Both head coach Norman Sloan and assistant coach Sam Esposito have also died.

All were wistfully remembered during a pre-game lunch and reception with Chancellor Randy Woodson prior to the current team’s win over Boston College at the PNC Arena Varsity Club.

Mostly, though, players’ thoughts turned to the tough-as-nails mentor who brought them together. Sloan, an original member of Wolfpack head coach Everett Case’s first recruiting class in 1946, was an old-school character whose World War II military background sometimes made him hard to love while coaching at his alma mater.

Norm Sloan coaching his players from the bench.

He was never completely comfortable with the “Stormin’ Norman” nickname he earned from the local and national media that he never held in particularly high regard.

“They just call me that because it rhymes,” he once said.

Yet his accomplishments over 37 years as a college coach were as impressive as they are now underappreciated by those same media members: a 624-393 overall record, a 266-127 record in 13 years at NC State, three Atlantic Coast Conference championships and a national title.

What’s not to love about that?

He could recruit, assembling perhaps the best team in ACC history, one that ended UCLA’s seven-year reign over college basketball by beating the Bruins in the 1974 national semifinals in Greensboro, then beating Marquette in the championship game.

Sloan cutting the net after the championship win in 1974.

That doesn’t mean he ran an easy program.

“He told us the day we got here: ‘Young men, the steak dinners and shrimp cocktails are over. You’re mine now’” said 7-foot-2 center All-America center Tom Burleson, whose four years on campus were closely monitored by Sloan. “He told us to follow the rules, or we were going go home. He told us the places we were not going to go.

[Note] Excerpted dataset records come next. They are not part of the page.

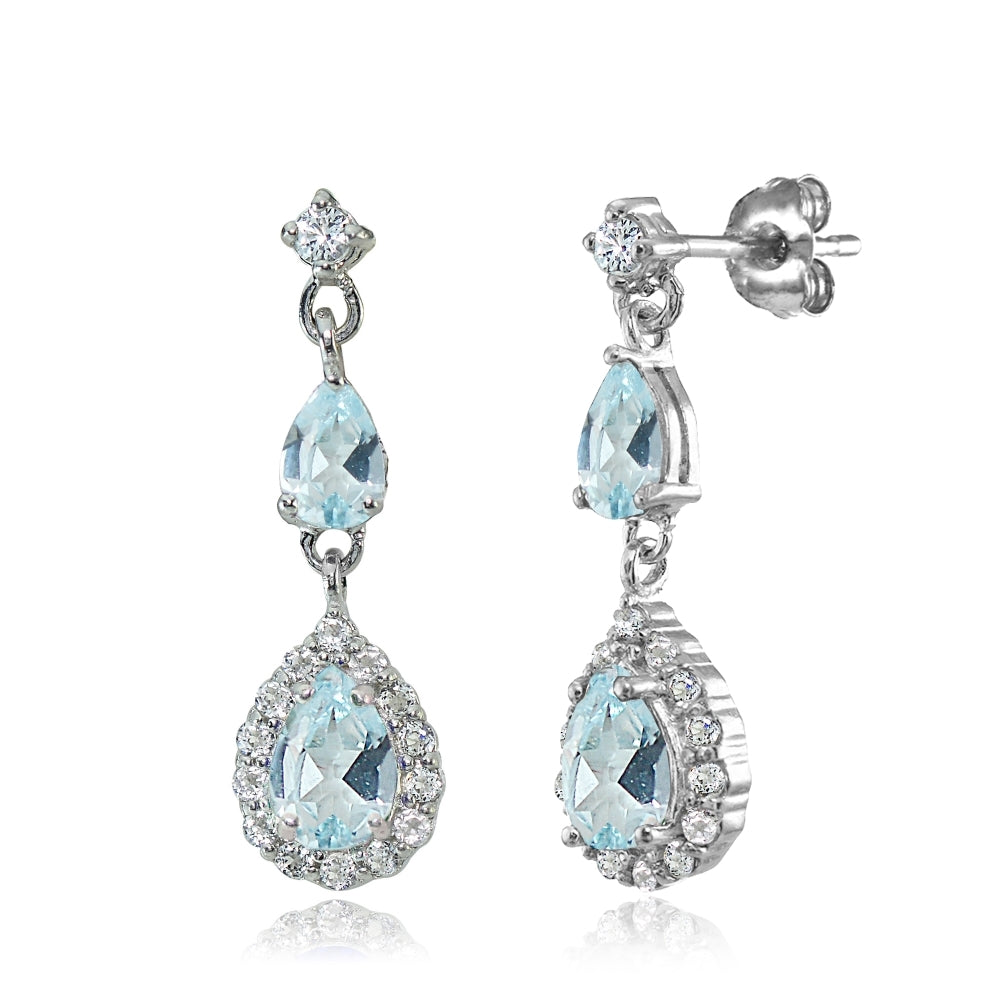 Sterling Silver Blue and White Topaz Fashion Teardrop Dangle Earrings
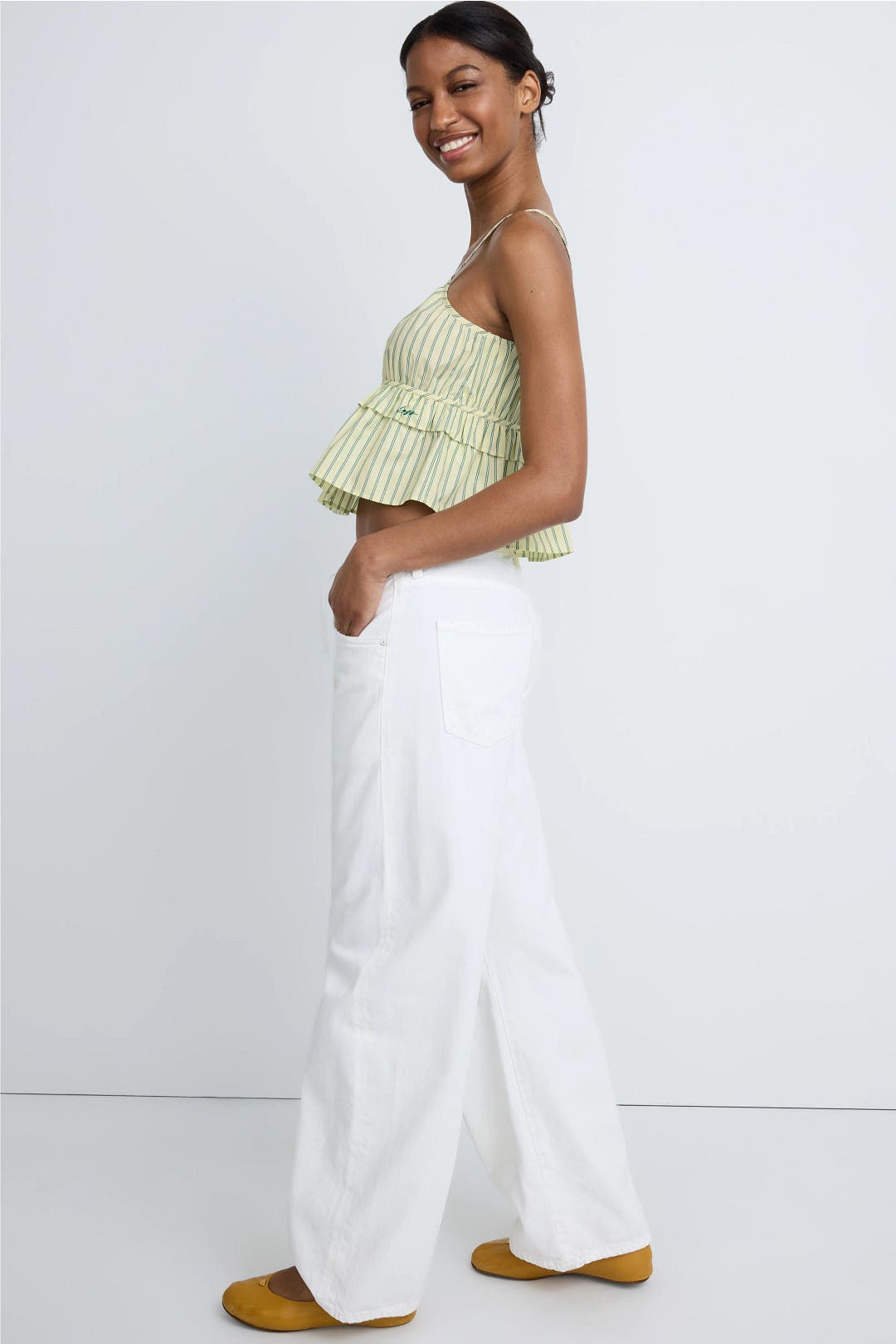 Peplum Striped Tank Top by BOSS | Rent the Runway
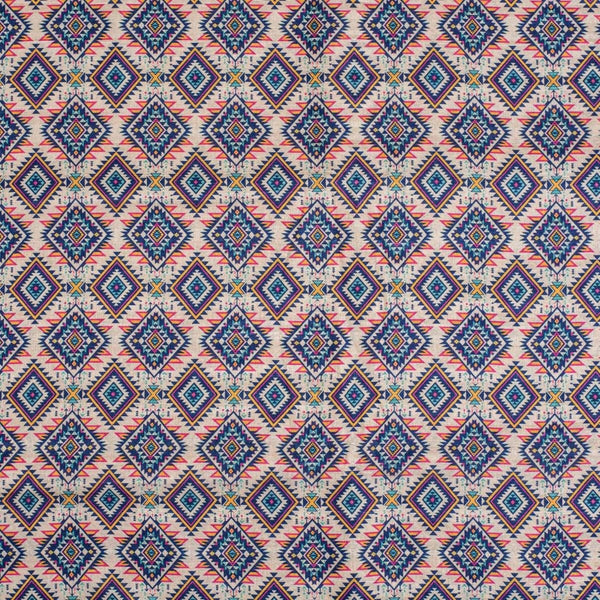 Off White Colour Digital Print Poly Slub Tussar Feel Fabric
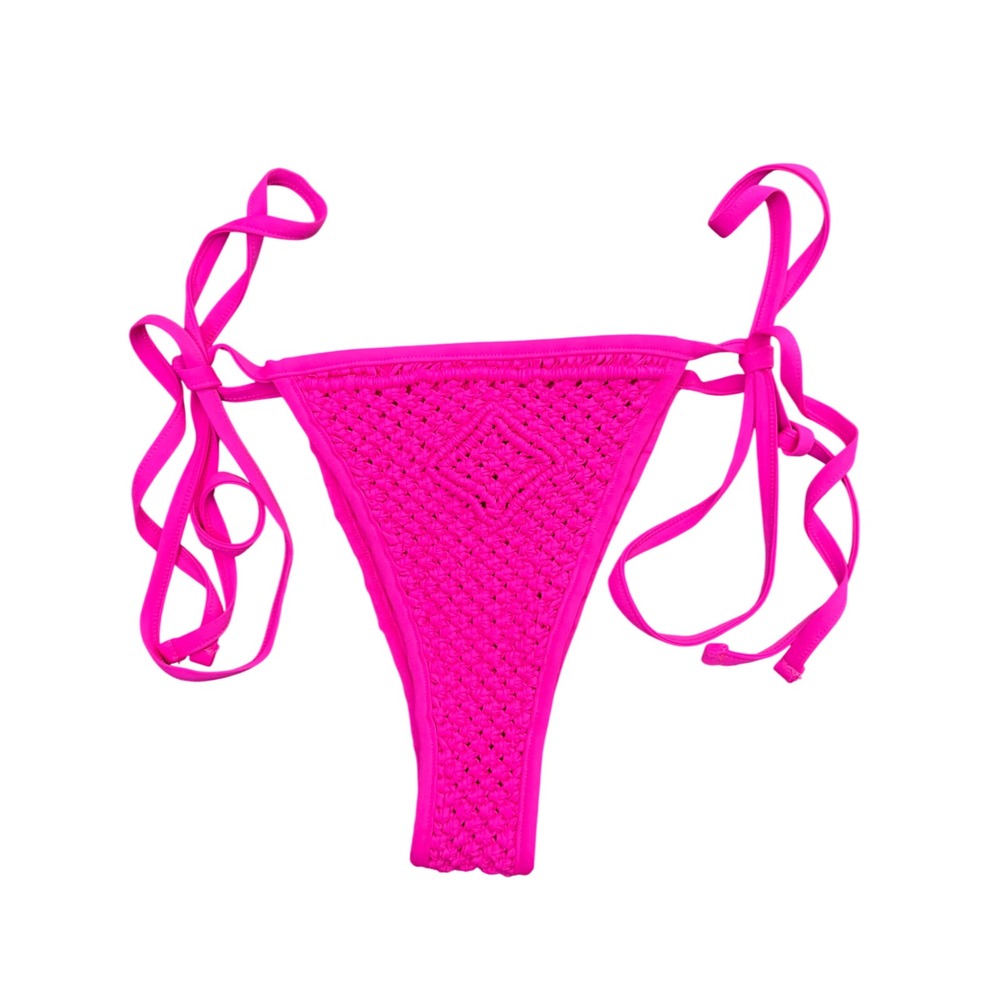 Frankies Bikinis XL Hot Pink Macrame Crochet Side Tie Bikini Bottoms Neon Cheeky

“And he said, ‘You’re going to represent this university at the highest level it can be represented.’

“We all said, ‘Yes, sir.’”

Sloan didn’t need to do much training of three-time ACC Player of the Year, three-time first-team All-ACC and two-time Associated Press National Player of the Year David Thompson, college basketball’s most versatile and talented player during the 1970s.

“Coach Sloan was a great man and coach,” said Thompson, a 1996 inductee into the Naismith Memorial Basketball Hall of Fame and an inaugural inductee into the NC State Athletic Hall of Fame. “He got up early every Sunday morning and taught Sunday school, which is kind of hard to believe if you ever heard some of the things he said at practice and in games.”

That drew a big laugh from the crowd, but Sloan’s softer side was rarely on display to the public. Throughout his time in Raleigh, Sloan was a mentor to an inmate at Raleigh’s Central Prison, checking him out as a trustee on weekends to travel and visit with his family and his team.

Phil Spence reads a poem he wrote about Sloan at the luncheon prior to the game last weekend.

It was not something unnoticed by the players as part of his coaching duties.

“What he did was keep us all together,” Thompson said. “He wouldn’t let us join fraternities because he said our team was our fraternity. We all lived together in Sullivan dorm. He told us we had to have each other’s back, and that’s what we did.

“I think that’s why we were so close then and have remained so close through the years.”

For point guard Monte Towe, who teammates called “Lil’ Norm” because he was a coach on the court, Sloan’s unwavering belief in his abilities carried over to his post-playing days. He was an assistant coach at NC State and at Florida, where Sloan returned in 1980.

Towe is still coaching, currently at a high school in Gainesville, Florida. He left his team last weekend after leading them to a district championship so he could join his teammates here.

Sloan definitely softened in his days after coaching, which included some television commentary roles, a retirement in the North Carolina mountains and regular attendance at meetings of the “Ol’ Joe Hayes Club,” a loose organization of players and supporters who celebrated Case’s accomplishments at NC State.

Sloan, who died on Dec. 9, 2003, at the age of 77, is remembered in the Coaches’ Corner outside of Reynolds Coliseum. He’s in the Indiana Basketball, the North Carolina Sports and NC State Athletic halls of fame but has not yet been elected to the Naismith Memorial Hall of Fame.

“I’ve been trying to make sure Coach Sloan gets into the Hall of Fame for a lot of years now,” Thompson said. “There are a lot of coaches with lesser credentials than him that are in the Hall of Fame.

“I don’t know what is taking so long.”